I believe that overbuilding in combination with climate changes took a toll in Croatia. Huge pressure of money and tourism and lack of strategic planning brought us now to a place, where such huge infrastructural projects became too big to handle for the local municipalities and get stuck with patching patches of poor infrastructure. I am really not sure of the outcome (sighs)!
Which significant aspects of the global platform ‘zerobeyond – the new frontier!’ did you liked the most, and why?
It is great to see ‘zerobeyond – the new frontier!’ growing and sharing interesting insights from all around the world. It is necessary for this kind of projects to develop even more.
What are the various projects NFO is busy with, in various cities and countries?
Croatia is a small market and we are working on several projects at the moment. Our focus is mostly divided to heritage projects’ reconstruction after the earthquake that hit regions of Zagreb and Banija, projects in tourism such as ‘Viewpoint Smričnjak’ on a hill looking over city of Šibenik and several wine facilities, as Croatia is a wine region. I would like to emphasize one small but special project, a ‘Lapidarium’ in old quarry tunnel in city of Topusko.
How would you describe Kata Marunica as a leader and a person?
It is a same person always. If you are committed to your work, you cannot hide your personality. It would be too hard. In NFO, we share a pretty horizontal view on leadership and believe that this is the way to encourage creative processes.

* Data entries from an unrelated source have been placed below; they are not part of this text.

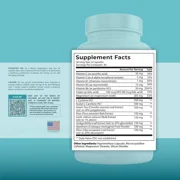 PUREHEALTH RESEARCH Hearing Support Formula - Ear Health Supplement - Calm Ear Support & Auditory Health
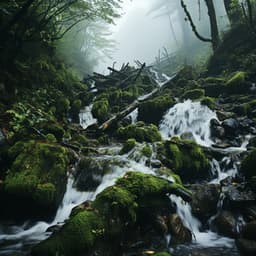 Música Combinada Con Arroyos: Flujos Concentrados A Orillas Del Arroyo - Diosa de la naturaleza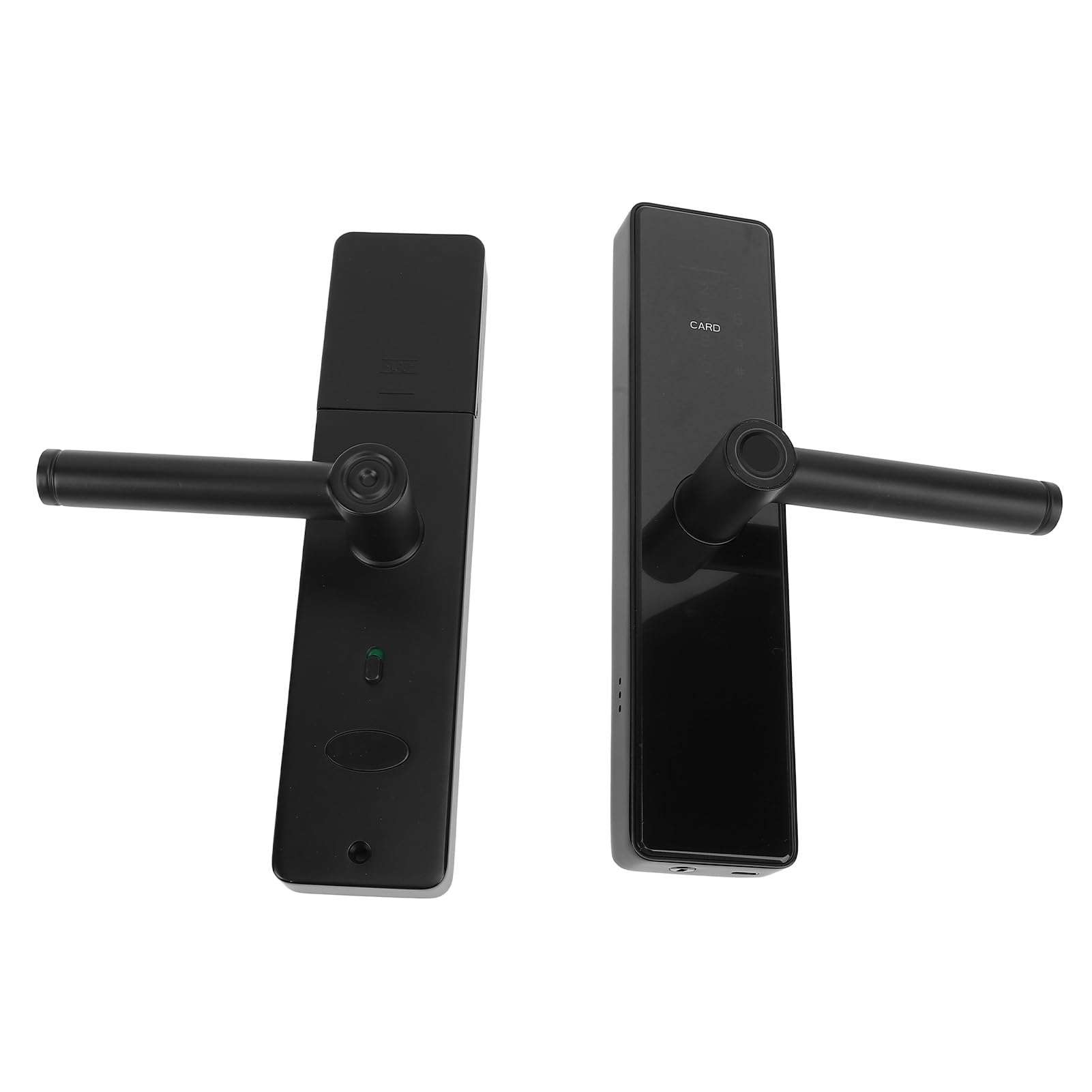 ICRPSTU Smart Door Safety Lock for Tuya Door Fingerprint Password Digital Lock Door Entry Lock for Home Apartment Hotel 3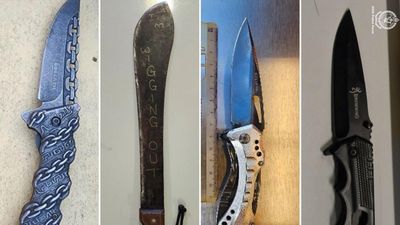 Landmark weapons search laws made permanent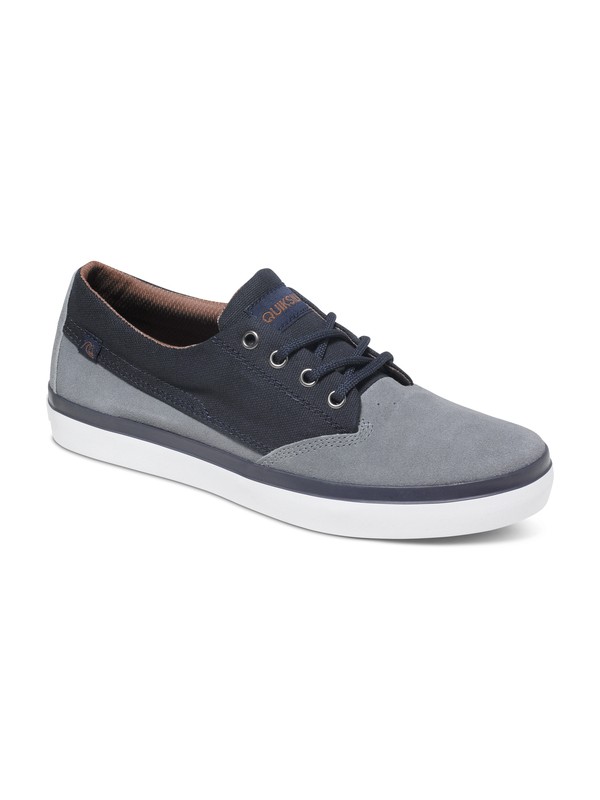 quiksilver, Beacon - Scarpe basse, BLUE/BLUE/WHITE (xbbw) 0 Beacon - Scarpe basse AQBS300009 Quiksilver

NeuroArchitecture is fast catching up with architects around the world. Your views as to why architects should make use of NeuroArchitecture.

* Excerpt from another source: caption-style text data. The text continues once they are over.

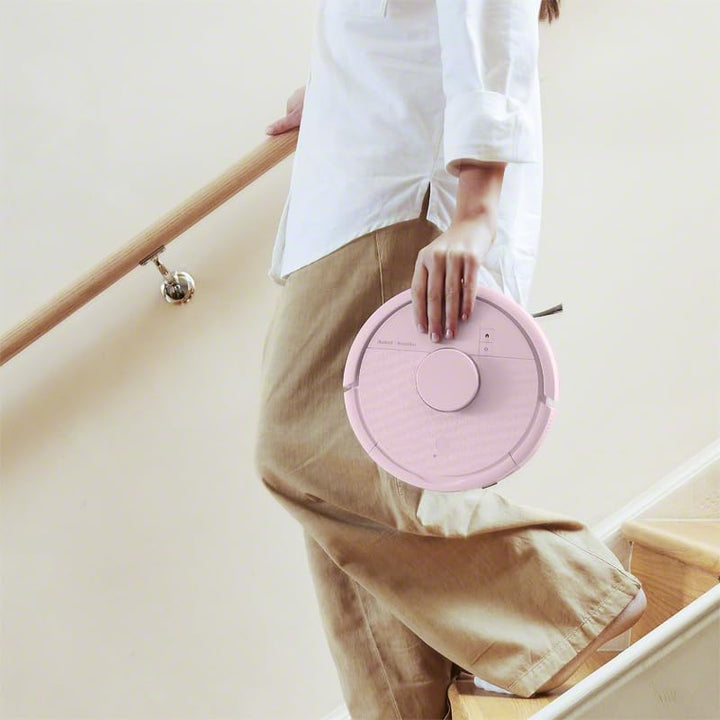 iRobot Roomba® Mini Saug- & Wischroboter + AutoEmpty™ Dock, Rosa, Rosa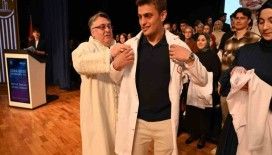 BEUN’da Eczacılık Fakültesi beyaz önlük giyme töreni heyecanı yaşandı
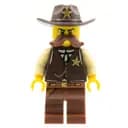Minifigurka: Sheriff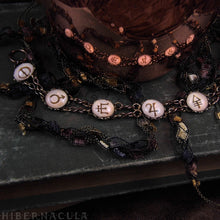 Load image into Gallery viewer, Alchemist's Apprentice -- Brass Bracelet | Hibernacula
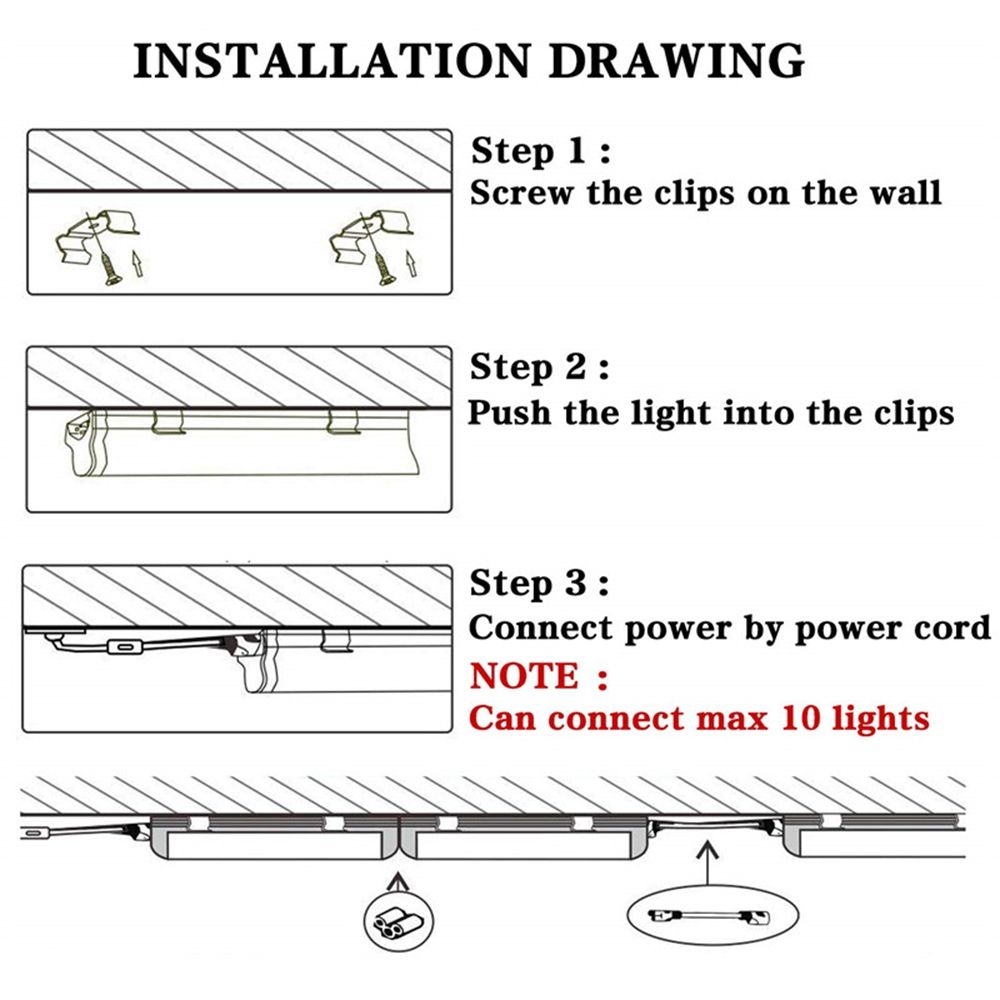 10PCS-60cm90cm-T8-V-Shape-2835-LED-Tube-Lamp-Fluorescent-Light-for-Supermarket-Parking-Workshop-AC85-1600031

It was always around in a way. Maybe it was not called ‘NeuroArchitecture’. In our design we often use the word ‘ambience’, which actually refers to emotions that we want to evoke in future users. Of course, something like that is not easy to accomplish. I presume, it is great that there is more emphasis on scientific research in that domain.
Please state 5 recent awards’ win by NFO.
2022: BigSee Award – ‘Paleo Park’ Project;
2020: Award Architectural Competition – Winner – ‘Viewpoint Smričnjak’ Project;
2019: Award Architectural Competition – Winner – ‘Koprivnica Center’ Project;
2019: Croatian Chamber of Architects Annual Award – Nominated – ‘Stella Maris Swimming Pool and Reception’ Project;
2019: EU Mies Van der Rohe Award – Nominated – ‘Broken Landscape’.